Efimov Effect in Long-range Quantum Spin Chains

TL;DR

This paper demonstrates the Efimov effect in long-range quantum spin chains, revealing universal three-magnon bound states and their dependence on interaction range, with potential experimental tests in trapped-ion systems.

Contribution

It extends the Efimov effect to long-range quantum spin chains, showing how scale invariance leads to bound states and analyzing their energy ratios using effective field theory.

Findings

Efimov bound states emerge in long-range quantum spin chains.

The ratio of successive binding energies depends on interaction range.

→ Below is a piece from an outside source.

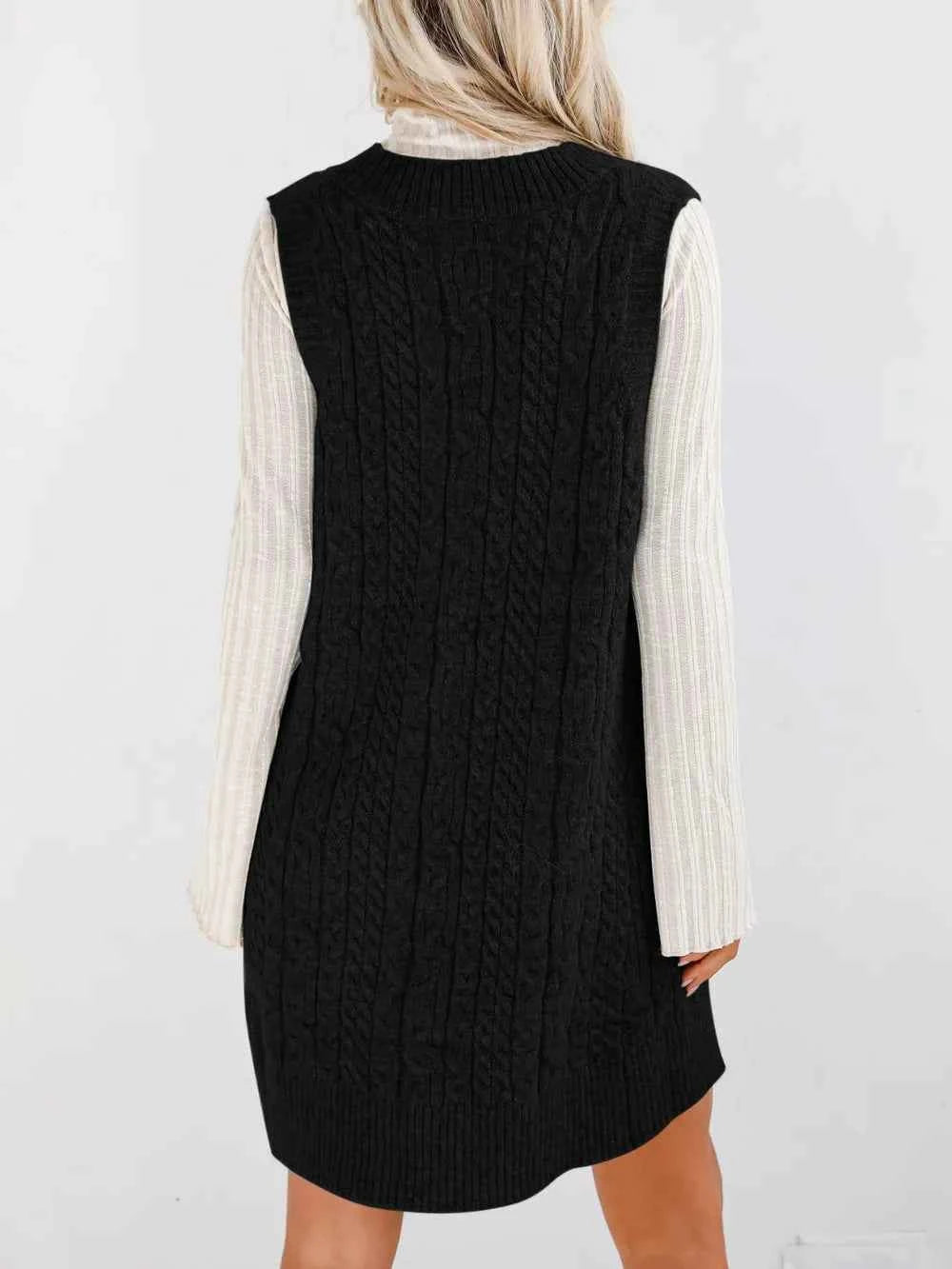 Lovelet Cable Knit V-Neck Mini Sweater Overall Dress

Results are consistent with numerical solutions and applicable to trapped-ion experiments.

Abstract

When two non-relativistic particles interact resonantly in three dimensions, an infinite tower of three-body bound states emerges, exhibiting a discrete scale invariance. This universal phenomenon, known as the Efimov effect, has garnered extensive attention across various fields, including atomic, nuclear, condensed matter, and particle physics. In this letter, we demonstrate that the Efimov effect also manifests in long-range quantum spin chains. The long-range coupling modifies the low-energy dispersion of magnons, enabling the emergence of continuous scale invariance for two-magnon states at resonance. This invariance is subsequently broken to discrete scale invariance upon imposing short-range boundary conditions for the three-magnon problem, leading to the celebrated Efimov bound states. Using effective field theory, we theoretically determine how the ratio of two successive binding energies depends on the interaction range, which agrees with the numerical solution of the bound-state problem. We further discuss generalizations to arbitrary spatial dimensions, where the traditional Efimov effect serves as a special case. Our results reveal universal physics in dilute quantum gases of magnons that can be experimentally tested in trapped-ion systems.